> We standardized on Clickhouse for everything. (With its own set of surprising ...

aforwardslash · on Aug 8, 2023

Not the parent, but I have some ClickHouse experience. ClickHouse is surprisingly easy to deploy and setup, talks both mysql and postgresql wire protocols (so you can query stuff with your existing relational tools), the query language is SQL (including joins with external data sources, such as S3 files, external relational databases and other clickhouse tables), and it is ACID on specific operations. It assumes your dataset is (mostly) append-only, and inserts work well when done in batch. It is also blazingly fast, and very compact when using the MergeTree family of storage engines.

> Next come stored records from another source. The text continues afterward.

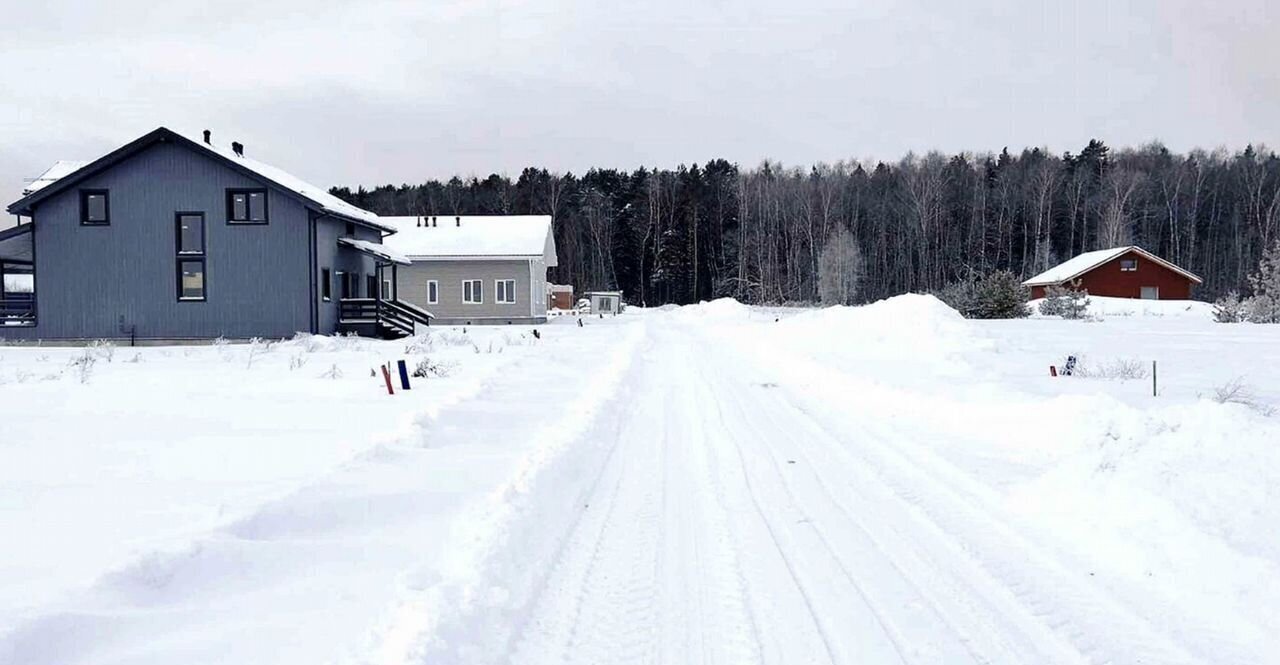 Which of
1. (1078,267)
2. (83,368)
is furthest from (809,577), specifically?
(1078,267)

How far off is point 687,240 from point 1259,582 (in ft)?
266

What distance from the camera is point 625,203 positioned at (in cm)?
9131

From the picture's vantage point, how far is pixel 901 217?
78.0 m

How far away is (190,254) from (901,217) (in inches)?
2657

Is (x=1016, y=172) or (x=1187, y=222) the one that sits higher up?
(x=1016, y=172)

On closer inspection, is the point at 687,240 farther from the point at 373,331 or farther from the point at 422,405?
the point at 422,405

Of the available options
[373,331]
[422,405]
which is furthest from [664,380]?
[373,331]

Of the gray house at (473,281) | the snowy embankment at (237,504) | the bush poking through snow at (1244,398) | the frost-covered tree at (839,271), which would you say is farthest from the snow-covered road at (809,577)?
the frost-covered tree at (839,271)

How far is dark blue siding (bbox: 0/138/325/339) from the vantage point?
86.4 feet

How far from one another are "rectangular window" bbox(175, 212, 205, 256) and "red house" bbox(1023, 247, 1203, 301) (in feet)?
171

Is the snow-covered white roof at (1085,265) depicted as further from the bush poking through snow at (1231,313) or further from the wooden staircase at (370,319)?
the wooden staircase at (370,319)

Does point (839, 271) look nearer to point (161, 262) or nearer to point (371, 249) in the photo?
point (371, 249)

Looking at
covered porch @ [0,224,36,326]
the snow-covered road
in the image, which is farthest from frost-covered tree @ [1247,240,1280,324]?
covered porch @ [0,224,36,326]

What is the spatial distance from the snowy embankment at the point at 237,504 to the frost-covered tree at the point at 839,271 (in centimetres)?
5912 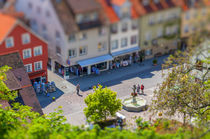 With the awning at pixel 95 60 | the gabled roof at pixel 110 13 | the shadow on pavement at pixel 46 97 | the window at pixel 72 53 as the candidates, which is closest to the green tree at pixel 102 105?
the shadow on pavement at pixel 46 97

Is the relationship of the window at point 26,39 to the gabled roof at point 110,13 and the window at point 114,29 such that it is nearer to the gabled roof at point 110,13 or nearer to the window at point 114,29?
the gabled roof at point 110,13

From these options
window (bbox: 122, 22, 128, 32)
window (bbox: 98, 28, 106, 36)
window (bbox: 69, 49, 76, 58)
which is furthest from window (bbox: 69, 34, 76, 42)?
window (bbox: 122, 22, 128, 32)

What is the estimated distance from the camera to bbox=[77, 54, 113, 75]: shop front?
61694mm

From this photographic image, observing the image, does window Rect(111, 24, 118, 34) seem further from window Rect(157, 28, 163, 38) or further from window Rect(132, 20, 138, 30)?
window Rect(157, 28, 163, 38)

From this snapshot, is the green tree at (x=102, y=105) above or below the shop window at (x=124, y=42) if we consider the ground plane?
below

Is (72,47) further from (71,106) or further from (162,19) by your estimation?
(162,19)

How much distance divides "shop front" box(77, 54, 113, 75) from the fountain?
400 inches

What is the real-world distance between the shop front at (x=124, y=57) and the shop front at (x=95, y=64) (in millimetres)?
1183

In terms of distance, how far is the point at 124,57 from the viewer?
217 feet

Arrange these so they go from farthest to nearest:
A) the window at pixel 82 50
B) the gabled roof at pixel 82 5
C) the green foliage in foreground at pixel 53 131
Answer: the window at pixel 82 50 → the gabled roof at pixel 82 5 → the green foliage in foreground at pixel 53 131

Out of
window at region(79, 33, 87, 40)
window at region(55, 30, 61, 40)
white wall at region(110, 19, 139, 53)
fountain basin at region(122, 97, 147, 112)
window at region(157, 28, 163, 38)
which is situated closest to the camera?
fountain basin at region(122, 97, 147, 112)

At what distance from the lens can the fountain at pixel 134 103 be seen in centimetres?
5213

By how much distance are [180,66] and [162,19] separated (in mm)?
24879

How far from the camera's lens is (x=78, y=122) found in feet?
162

Development is very active, and some features are experimental. One of the common mistakes is to use latest releases for production environments - you will certainly find odd bugs on specific usage scenarios. Stay away from the bleeding edge and you're fine. Clustering (table replication and sharding of queries) is also a sort-of can of worms by itself, and requires good knowledge of your workload and your data structure to understand all the tradeoffs. Thing is, when designing from scratch, you can often design in such a way where you don't need (clustered) table replication or sharding - again, this also has a learning curve, for both devs and devops.

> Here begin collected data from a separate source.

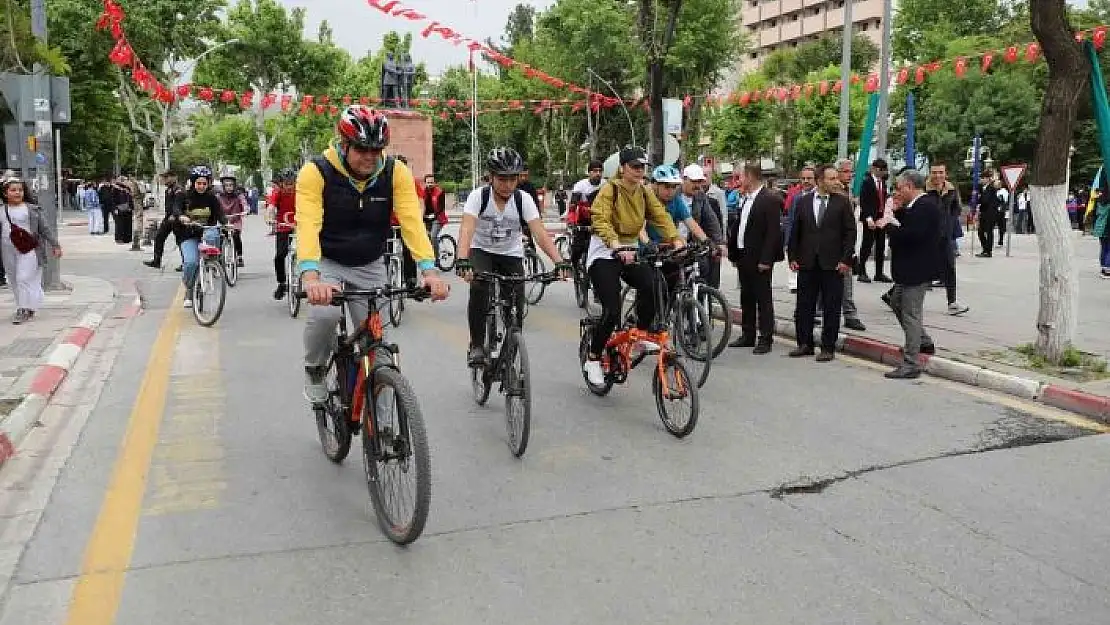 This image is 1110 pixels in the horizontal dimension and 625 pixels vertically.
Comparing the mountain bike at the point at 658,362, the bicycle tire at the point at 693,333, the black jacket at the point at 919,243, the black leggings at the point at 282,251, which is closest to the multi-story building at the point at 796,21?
the black leggings at the point at 282,251

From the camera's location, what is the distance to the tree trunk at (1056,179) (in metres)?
8.40

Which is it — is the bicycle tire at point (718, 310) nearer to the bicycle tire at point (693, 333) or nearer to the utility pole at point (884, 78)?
the bicycle tire at point (693, 333)

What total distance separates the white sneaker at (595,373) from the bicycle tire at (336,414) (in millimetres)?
2231

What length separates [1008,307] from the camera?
41.0ft

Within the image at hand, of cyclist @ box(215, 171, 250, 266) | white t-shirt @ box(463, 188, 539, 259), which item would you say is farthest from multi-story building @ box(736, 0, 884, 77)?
white t-shirt @ box(463, 188, 539, 259)

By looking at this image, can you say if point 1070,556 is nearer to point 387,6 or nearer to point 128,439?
point 128,439

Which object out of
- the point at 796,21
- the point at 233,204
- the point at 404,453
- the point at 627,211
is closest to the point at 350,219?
the point at 404,453

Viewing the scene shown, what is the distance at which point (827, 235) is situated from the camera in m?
9.29

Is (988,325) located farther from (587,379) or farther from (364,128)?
(364,128)

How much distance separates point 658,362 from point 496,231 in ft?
5.48

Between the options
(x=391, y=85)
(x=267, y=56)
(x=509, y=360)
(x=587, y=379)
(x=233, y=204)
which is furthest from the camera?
(x=267, y=56)

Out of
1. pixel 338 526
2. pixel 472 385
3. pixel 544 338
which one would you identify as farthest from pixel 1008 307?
pixel 338 526

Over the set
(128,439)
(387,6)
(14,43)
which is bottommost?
(128,439)

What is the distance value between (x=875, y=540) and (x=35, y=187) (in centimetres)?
1318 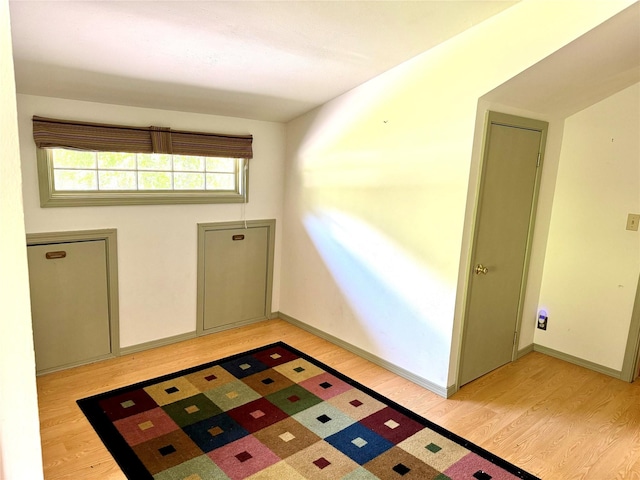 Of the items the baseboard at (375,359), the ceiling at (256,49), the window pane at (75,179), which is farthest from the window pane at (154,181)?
the baseboard at (375,359)

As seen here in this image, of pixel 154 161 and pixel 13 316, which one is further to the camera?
pixel 154 161

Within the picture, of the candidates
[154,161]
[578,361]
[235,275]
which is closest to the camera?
[154,161]

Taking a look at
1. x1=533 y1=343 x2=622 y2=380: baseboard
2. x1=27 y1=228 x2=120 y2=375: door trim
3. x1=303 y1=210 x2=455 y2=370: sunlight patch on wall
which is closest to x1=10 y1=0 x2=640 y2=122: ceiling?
x1=27 y1=228 x2=120 y2=375: door trim

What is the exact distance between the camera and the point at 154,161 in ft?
11.2

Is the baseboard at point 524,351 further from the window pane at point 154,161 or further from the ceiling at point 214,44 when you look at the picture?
the window pane at point 154,161

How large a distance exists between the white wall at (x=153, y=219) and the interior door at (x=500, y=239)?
196 centimetres

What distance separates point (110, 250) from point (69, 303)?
0.46m

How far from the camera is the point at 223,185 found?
3834 millimetres

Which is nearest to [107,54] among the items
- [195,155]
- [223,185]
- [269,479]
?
[195,155]

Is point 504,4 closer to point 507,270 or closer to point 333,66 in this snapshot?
point 333,66

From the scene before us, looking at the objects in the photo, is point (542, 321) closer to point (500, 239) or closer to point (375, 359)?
point (500, 239)

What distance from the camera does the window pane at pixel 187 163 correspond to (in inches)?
139

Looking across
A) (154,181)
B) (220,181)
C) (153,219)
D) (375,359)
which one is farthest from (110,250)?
(375,359)

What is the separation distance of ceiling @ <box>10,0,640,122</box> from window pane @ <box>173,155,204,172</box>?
0.45m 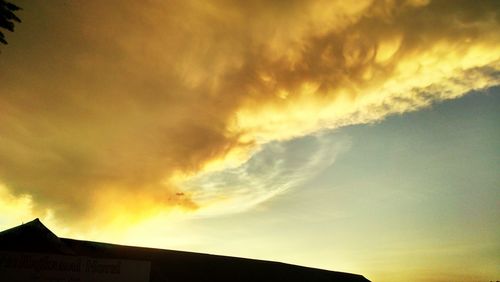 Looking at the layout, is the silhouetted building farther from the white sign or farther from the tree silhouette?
the tree silhouette

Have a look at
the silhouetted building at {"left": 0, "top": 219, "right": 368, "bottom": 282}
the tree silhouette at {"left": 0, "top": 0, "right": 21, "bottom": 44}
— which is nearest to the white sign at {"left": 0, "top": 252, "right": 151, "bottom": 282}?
the silhouetted building at {"left": 0, "top": 219, "right": 368, "bottom": 282}

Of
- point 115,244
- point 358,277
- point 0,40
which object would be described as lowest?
point 358,277

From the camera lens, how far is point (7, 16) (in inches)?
481

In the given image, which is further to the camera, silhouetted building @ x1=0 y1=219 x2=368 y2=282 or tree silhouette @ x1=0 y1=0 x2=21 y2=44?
silhouetted building @ x1=0 y1=219 x2=368 y2=282

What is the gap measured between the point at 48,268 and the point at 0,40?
423 inches

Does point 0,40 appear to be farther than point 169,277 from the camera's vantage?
No

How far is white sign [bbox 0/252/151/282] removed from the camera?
15641mm

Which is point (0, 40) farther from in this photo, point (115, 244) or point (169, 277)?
point (169, 277)

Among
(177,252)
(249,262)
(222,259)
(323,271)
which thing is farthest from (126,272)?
(323,271)

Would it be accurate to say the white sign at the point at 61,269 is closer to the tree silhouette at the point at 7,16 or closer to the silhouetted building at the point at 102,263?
the silhouetted building at the point at 102,263

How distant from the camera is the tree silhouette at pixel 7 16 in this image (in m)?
12.1

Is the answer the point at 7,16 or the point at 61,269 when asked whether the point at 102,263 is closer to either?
the point at 61,269

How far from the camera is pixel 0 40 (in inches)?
479

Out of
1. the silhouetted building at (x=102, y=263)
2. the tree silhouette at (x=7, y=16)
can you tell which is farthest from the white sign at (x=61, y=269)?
the tree silhouette at (x=7, y=16) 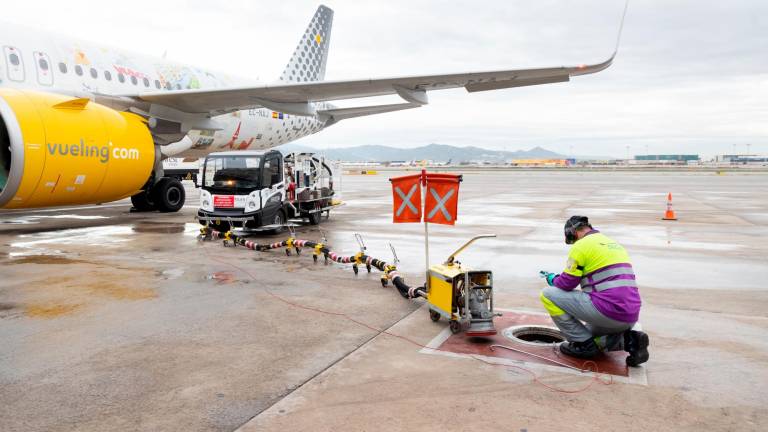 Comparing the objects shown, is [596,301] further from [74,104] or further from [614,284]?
[74,104]

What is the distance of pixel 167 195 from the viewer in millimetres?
16984

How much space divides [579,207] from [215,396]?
18655 millimetres

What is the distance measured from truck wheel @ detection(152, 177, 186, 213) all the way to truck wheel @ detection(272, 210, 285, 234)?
→ 554 centimetres

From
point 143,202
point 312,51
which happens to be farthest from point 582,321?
point 312,51

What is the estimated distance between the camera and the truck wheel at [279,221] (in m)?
12.9

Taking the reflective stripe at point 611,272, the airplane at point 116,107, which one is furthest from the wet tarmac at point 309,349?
the airplane at point 116,107

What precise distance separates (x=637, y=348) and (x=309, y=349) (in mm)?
2845

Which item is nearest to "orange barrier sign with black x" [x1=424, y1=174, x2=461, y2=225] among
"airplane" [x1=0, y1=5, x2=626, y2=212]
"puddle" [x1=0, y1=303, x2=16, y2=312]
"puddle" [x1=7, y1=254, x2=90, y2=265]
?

You can easily spin it on a VM or on your laptop, load a dataset and see for yourself how powerful ClickHouse can be. Honestly, just the data compression alone is good enough to save a s**load of money on storage on an enterprise, compared to most solutions. Couple this with tiered storage - your hot data is eg. in ssd, your historical data is stored on s3, and rotation is done automatically, plus automated ingestion from kafka, and you have a data warehousing system at a fraction of the price of many common alternatives.